Anton van Dalen, a New York-based artist known for his fantastical cityscapes and his depictions of the East Village, passed away on June 25th at 86. His representing gallery, P·P·O·W, confirmed his death in a statement, noting he passed away due to natural causes in his sleep at his East Village Home.
Born to a conservative Calvinist family in Amstelveen, Holland, in 1938, van Dalen witnessed the upheavals of World War II firsthand when the Nazis seized his family’s property. After graduating from Amsterdam’s former Amsterdamse Grafische School in 1954, he emigrated to Canada with his family in 1954 and then to the United States in 1966. Settling in New York’s East Village, he then spent his life documenting the cultural transformations in the area through his surreal cityscapes or his monochrome series “Night Street Drawings” (1975–77), illustrating scenes of car wrecks, sex workers, and dilapidated buildings in the Lower East Side.
Van Dalen is perhaps best known for his performance piece Avenue A Cutout Theatre (1995), in which the artist entered a room with a large cardboard box resembling his apartment building strapped to his back. He then emptied the box's contents—miniatures of dogs, police, and various figures resembling the population of the East Village—to examine the neighborhood’s history and gentrification.
“I try to sort of make art, and thinking and looking at art, something that we all naturally do and can figure out in our own way,” van Dalen once said of his approach, shared in a statement from P·P·O·W. “There is no one interpretation—there are many. And that’s what is wonderful about art. It’s not a biased single place. You can always kind of find yourself within it.”
The 2020 documentary Anton: Circling Home provided an intimate look at van Dalen’s life, emphasizing his profound connection to the East Village and his passion for rearing pigeons. The film, which won the Best Documentary Portrait award at DOC LA, highlighted how van Dalen maintained a pigeon coop on his building’s rooftop. Having first learned to train pigeons at the age of 12 in Holland, these birds are a recurring motif in his body of work.

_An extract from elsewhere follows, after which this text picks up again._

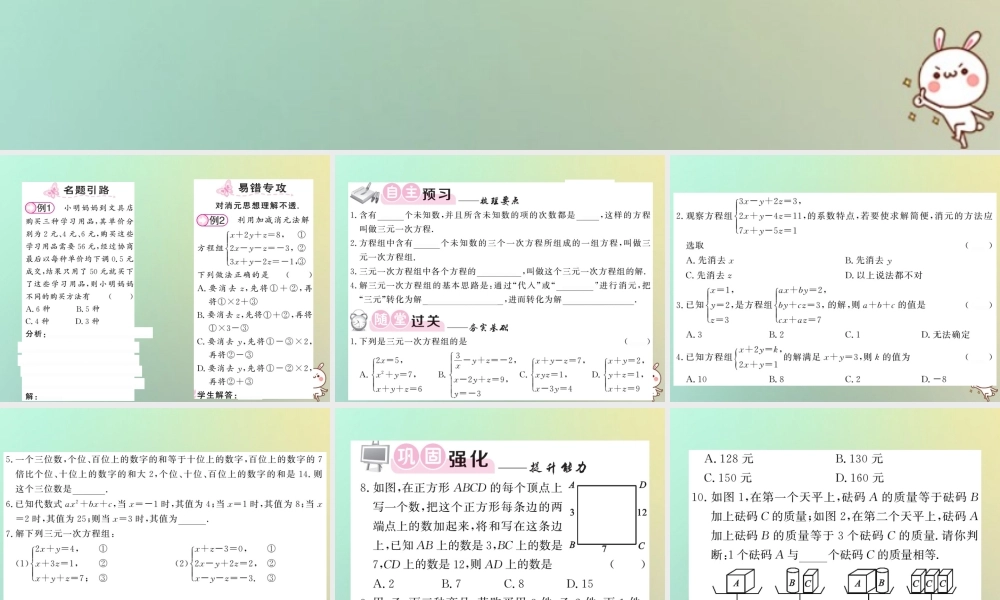 八年级数学上册 第五章 二元一次方程组 5.8 三元一次方程组习题课件 (新版)北师大版 课件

His last solo exhibition, “Doves: Where They Live and Work,” was presented by P·P·O·W in 2022. In previous years, the artist showcased his paintings at venues such as the University of Massachusetts, Temple Gallery in Philadelphia, and EXIT Art in New York. Additionally, many of his artworks are featured in prominent collections such as the MET and the Whitney Museum of American Art.